Cardiovascular Effects of Sibutramine: In Reply

Stephen R. Daniels, MD, PhD
Department of Pediatrics,
Children's Hospital,
Denver, CO 80218

We appreciate the comments by Dr Pisarik, because they illustrate the reason for the more in-depth analysis of blood pressure (BP) from our study published in Pediatrics.¹ It is important to recognize that different statistical conclusions can result when different end points (ie, evaluation points) and statistical models are considered. The most important question, however, is how best to characterize the counterbalancing effects of sibutramine and weight loss on BP. In this study, the overall effect of sibutramine resulted in weight loss without meaningful adverse effects on BP.

In our previous Annals of Internal Medicine article,² a linear mixed-effects model for repeated measures (up to 17 visits per patient) that included baseline value as a covariate was used on change-from-baseline data to test for overall differences between treatment groups and for treatment differences at each visit. Small but statistically significant overall mean differences in systolic BP (SBP) (–0.9 mmHg [for sibutramine] vs –1.9 mmHg [for placebo]; P = .03) and diastolic BP (DBP) (+0.3 [for sibutramine] vs –1.4 mmHg [for placebo]; P < .001) were reported. In addition, statistically significant differences between treatments were seen at most (10 of 17) visits to month 12 for DBP; however, for SBP, such differences were seen at only 3 of the visits.

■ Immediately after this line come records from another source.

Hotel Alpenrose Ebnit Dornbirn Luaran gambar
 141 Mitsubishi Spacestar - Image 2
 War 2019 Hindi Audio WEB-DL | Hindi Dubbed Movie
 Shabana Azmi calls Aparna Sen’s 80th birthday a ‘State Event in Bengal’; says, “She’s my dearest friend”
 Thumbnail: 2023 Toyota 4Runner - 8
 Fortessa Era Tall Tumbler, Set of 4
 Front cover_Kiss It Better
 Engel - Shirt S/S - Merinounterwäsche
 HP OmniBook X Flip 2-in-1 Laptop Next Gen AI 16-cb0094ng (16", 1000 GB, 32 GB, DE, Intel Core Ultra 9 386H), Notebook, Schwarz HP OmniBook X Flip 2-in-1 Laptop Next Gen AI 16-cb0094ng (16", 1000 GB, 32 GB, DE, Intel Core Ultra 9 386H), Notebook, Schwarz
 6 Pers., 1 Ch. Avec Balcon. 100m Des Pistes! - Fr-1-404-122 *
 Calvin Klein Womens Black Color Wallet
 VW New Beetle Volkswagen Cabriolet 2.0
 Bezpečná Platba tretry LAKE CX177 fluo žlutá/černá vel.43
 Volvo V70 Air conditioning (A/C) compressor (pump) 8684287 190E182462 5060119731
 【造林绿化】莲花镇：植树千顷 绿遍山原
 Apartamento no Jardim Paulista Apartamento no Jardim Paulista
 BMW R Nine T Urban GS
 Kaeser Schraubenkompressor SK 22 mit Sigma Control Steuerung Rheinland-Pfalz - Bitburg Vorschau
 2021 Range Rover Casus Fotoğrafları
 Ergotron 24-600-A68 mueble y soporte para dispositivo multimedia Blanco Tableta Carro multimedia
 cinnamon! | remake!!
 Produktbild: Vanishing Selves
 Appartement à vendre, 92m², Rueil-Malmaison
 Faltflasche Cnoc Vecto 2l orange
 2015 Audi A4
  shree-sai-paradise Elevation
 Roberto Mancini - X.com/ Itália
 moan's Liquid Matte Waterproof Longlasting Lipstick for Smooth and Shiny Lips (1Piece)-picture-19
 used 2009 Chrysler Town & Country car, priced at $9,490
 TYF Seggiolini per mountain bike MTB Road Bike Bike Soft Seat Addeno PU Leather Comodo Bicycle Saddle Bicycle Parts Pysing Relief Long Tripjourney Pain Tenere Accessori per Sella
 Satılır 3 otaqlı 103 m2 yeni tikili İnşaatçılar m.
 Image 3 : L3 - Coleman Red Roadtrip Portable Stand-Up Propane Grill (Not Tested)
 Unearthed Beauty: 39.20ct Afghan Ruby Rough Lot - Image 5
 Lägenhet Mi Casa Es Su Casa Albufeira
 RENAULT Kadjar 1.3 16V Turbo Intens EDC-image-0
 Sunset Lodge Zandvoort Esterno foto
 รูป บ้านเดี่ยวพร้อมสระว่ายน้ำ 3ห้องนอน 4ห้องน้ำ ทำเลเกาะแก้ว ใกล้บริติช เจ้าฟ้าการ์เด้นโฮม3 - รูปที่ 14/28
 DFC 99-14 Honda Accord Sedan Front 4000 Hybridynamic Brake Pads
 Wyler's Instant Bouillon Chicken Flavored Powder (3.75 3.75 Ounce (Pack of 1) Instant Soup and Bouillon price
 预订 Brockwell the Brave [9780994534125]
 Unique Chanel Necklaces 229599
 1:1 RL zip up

In our article, an analysis-of-covariance model with a factor for treatment group and baseline value as a covariate was used to compare treatment groups with respect to changes from baseline to the end point (month 12, or last postbaseline value for noncompleters) in BP.¹ The difference between treatment groups in this protocol-specified analysis was not statistically significant for either SBP (mean change: –2.1 mmHg for both sibutramine and placebo) or DBP (–0.1 mmHg [for sibutramine] vs –1.1 mmHg [for placebo]).

Perhaps the best overview of BP changes was provided by the observed data from Figs 2 and 3 in our article,¹ which showed that mean SBP generally decreased over time in both treatment groups. Early in treatment, mean DBP increased slightly in the sibutramine group but, by month 6.5, had returned to baseline and stabilized, whereas mean DBP in the placebo group declined early in treatment, and although there was substantial variability, it remained below baseline. Although not shown in our figures, the observed changes from baseline to the end point (unadjusted for baseline value) for sibutramine and placebo, respectively, were –2.1 and –2.0 mmHg for SBP and 0.0 and –1.3 mmHg for DBP.

Analyses of 3 BMI-response subgroups in this study were performed in an effort to better understand the effects of weight loss on sibutramine-associated BP changes in obese adolescents. The subgroup (n = 137 [sibutramine] and 104 [placebo]) with the least reduction in BMI (<5% at the end point) showed no change in mean SBP and an increase of 1.8 mmHg in mean DBP in the sibutramine arm. The placebo-subtracted treatment differences in this subgroup (1.8 mmHg [SBP] and 2.3 mmHg [DBP]), which favored placebo, were both statistically significant. In the 5% BMI-reduction subgroup, which included approximately two thirds of the sibutramine-treated patients but only approximately one fifth of the placebo-treated patients, the mean SBP/DBP changes of –3.2/–1.2 mmHg in the sibutramine group were not statistically different from placebo; however, we agree with Pisarik that there was insufficient power to test for treatment differences, because the placebo group was too small. Further restricting the BMI-response group, approximately one third of those in the sibutramine group achieved 10% BMI reduction, with greater mean changes of –4.5/–1.9 mmHg for SBP/DBP. Although it is possible that a study adequately powered to examine treatment differences at 5% BMI reduction might show statistically significant treatment differences in BP, such an observation does not address the more meaningful clinical point of interest when considering the effects of sibutramine in obese adolescents. The pattern of BP changes in the sibutramine group across the spectrum of BMI reduction shows that as weight loss increased, the effect of sibutramine on BP was overridden by weight loss-induced BP reduction.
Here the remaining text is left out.